Items listed in a dataset:
----

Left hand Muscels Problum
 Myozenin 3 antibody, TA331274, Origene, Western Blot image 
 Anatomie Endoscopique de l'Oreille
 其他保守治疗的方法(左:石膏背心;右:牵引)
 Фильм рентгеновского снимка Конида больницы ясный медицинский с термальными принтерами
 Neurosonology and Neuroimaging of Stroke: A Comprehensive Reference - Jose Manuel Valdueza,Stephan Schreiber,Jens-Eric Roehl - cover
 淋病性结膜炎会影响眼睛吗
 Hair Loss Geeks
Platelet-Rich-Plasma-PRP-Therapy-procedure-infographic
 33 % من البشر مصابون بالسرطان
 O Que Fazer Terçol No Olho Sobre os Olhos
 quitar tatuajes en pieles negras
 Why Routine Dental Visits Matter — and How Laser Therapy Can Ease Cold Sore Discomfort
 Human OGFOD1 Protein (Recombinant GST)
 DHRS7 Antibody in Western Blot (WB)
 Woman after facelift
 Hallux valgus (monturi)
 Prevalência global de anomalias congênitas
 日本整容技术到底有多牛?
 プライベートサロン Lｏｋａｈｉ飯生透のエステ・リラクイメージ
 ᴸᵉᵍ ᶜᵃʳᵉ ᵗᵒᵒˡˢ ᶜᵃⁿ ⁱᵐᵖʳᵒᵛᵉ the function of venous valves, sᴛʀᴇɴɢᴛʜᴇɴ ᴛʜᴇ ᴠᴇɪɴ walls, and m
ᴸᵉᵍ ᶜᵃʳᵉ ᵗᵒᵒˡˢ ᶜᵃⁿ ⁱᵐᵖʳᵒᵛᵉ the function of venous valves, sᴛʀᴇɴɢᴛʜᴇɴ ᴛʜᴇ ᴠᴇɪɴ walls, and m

----

→ **PROMPT**:
Nothing in the entries above may be left out; retype them all exactly.

→ **RESPONSE TO THE TASK**:
Left hand Muscels Problum
 Myozenin 3 antibody, TA331274, Origene, Western Blot image 
 Anatomie Endoscopique de l'Oreille
 其他保守治疗的方法(左:石膏背心;右:牵引)
 Фильм рентгеновского снимка Конида больницы ясный медицинский с термальными принтерами
 Neurosonology and Neuroimaging of Stroke: A Comprehensive Reference - Jose Manuel Valdueza,Stephan Schreiber,Jens-Eric Roehl - cover
 淋病性结膜炎会影响眼睛吗
 Hair Loss Geeks
Platelet-Rich-Plasma-PRP-Therapy-procedure-infographic
 33 % من البشر مصابون بالسرطان
 O Que Fazer Terçol No Olho Sobre os Olhos
 quitar tatuajes en pieles negras
 Why Routine Dental Visits Matter — and How Laser Therapy Can Ease Cold Sore Discomfort
 Human OGFOD1 Protein (Recombinant GST)
 DHRS7 Antibody in Western Blot (WB)
 Woman after facelift
 Hallux valgus (monturi)
 Prevalência global de anomalias congênitas
 日本整容技术到底有多牛?
 プライベートサロン Lｏｋａｈｉ飯生透のエステ・リラクイメージ
 ᴸᵉᵍ ᶜᵃʳᵉ ᵗᵒᵒˡˢ ᶜᵃⁿ ⁱᵐᵖʳᵒᵛᵉ the function of venous valves, sᴛʀᴇɴɢᴛʜᴇɴ ᴛʜᴇ ᴠᴇɪɴ walls, and m
ᴸᵉᵍ ᶜᵃʳᵉ ᵗᵒᵒˡˢ ᶜᵃⁿ ⁱᵐᵖʳᵒᵛᵉ the function of venous valves, sᴛʀᴇɴɢᴛʜᴇɴ ᴛʜᴇ ᴠᴇɪɴ walls, and m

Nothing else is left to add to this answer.